Przyczyny protestów na świecie
Jesienią 2019 r. wybuchły na świecie protesty mające kilka cech wspólnych. To m.in. poczucie nierówności finansowej, jak w Ekwadorze (przyczyną było zniesienie przez rząd obowiązujących od 40 lat dopłat do cen paliw) i Chile (podwyżka cen transportu publicznego). W Libanie plany opodatkowania połączeń w aplikacji WhatsApp wywołały protesty związane z problemami gospodarczymi, nierównością finansową i korupcją władzy. Mieszkańcy Iraku chcą obalić system polityczny, w ramach którego politycy korzystają z funduszy publicznych, a na stanowiska mianują osoby na podstawie kryterium etnicznego lub opartego na podziałach religijnych (sposób zapisany w konstytucji, zgodny z modelem demokracji konsensualnej). Niezgoda na reformatorską politykę Abiya Ahmeda Aliego, laureata Pokojowej Nagrody Nobla, oraz napięcia między wieloma grupami etnicznymi doprowadziły do zamieszek w Etiopii. Protesty przeciwko korupcji w rządzie miały również miejsce w Egipcie.
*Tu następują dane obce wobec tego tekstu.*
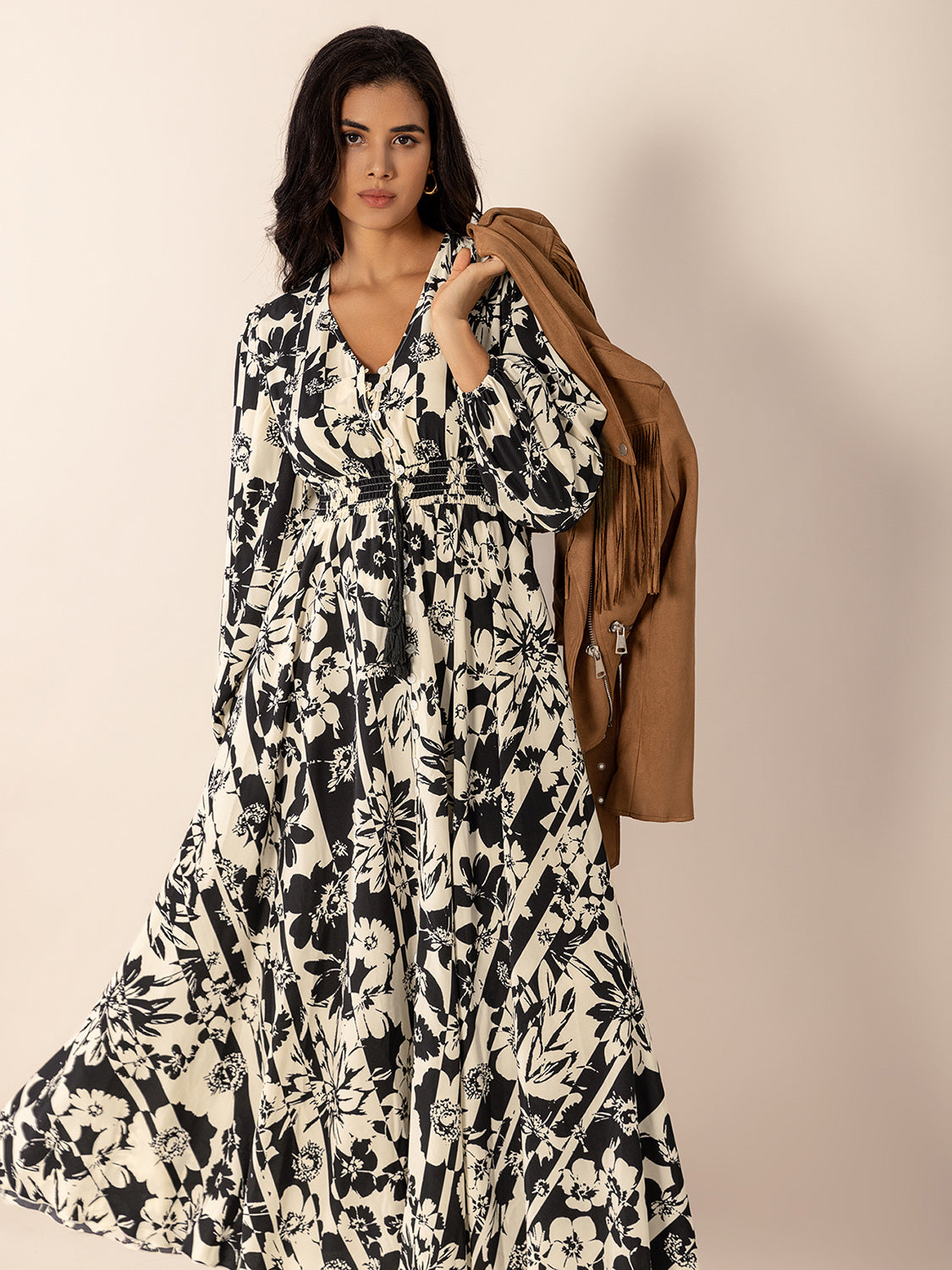 Tied Printed V-Neck Long Sleeve Midi Dress Trendsi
Mieszkańcy Hongkongu i Katalonii protestują, ponieważ czują się niewolnikami systemu politycznego, w którym żyją. W Hongkongu powodem niezadowolenia był projekt ustawy, która w określonych okolicznościach pozwoliłaby na ekstradycję podejrzanych o przestępstwa do Chin kontynentalnych. W Katalonii przyczyną demonstracji był wyrok hiszpańskiego sądu skazujący na kary więzienia dziewięciu polityków, którzy w 2017 r. zorganizowali nielegalne referendum niepodległościowe. W Boliwii protesty wybuchły po informacji opozycji, że wyniki wyborów prezydenckich zostały sfałszowane, dzięki czemu wygrał Evo Morales. Na całym świecie odbywają się również demonstracje związane z kryzysem klimatycznym i środowiskiem.
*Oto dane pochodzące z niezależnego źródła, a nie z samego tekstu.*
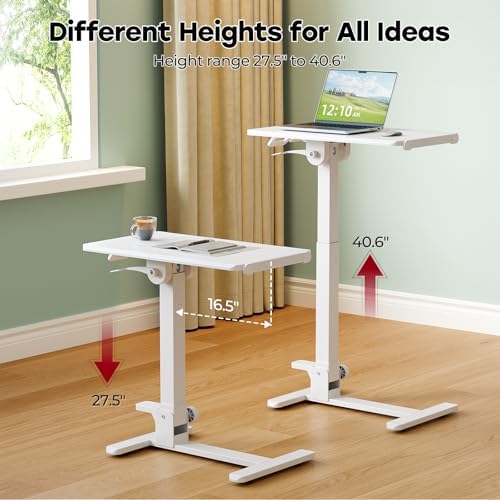 27" Foldable Mobile Standing Desk, No-Assembly Needed, White - Image 3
Liczba protestów gwałtownie wzrosła, ponieważ wpłynęło na to kilka czynników: spowolnienie światowej gospodarki, rosnące rozwarstwienie finansowe oraz wzrost liczby młodzieży sfrustrowanej rzeczywistością. Obecnie ok. 41% globalnej populacji ma 24 lata lub mniej. Mniej niż 15 lat ma 41% osób mieszkających w Afryce i po 25% – w Azji i Ameryce Łacińskiej. Dostęp do internetu i znajomość języka angielskiego ułatwiają młodym ludziom organizację protestów.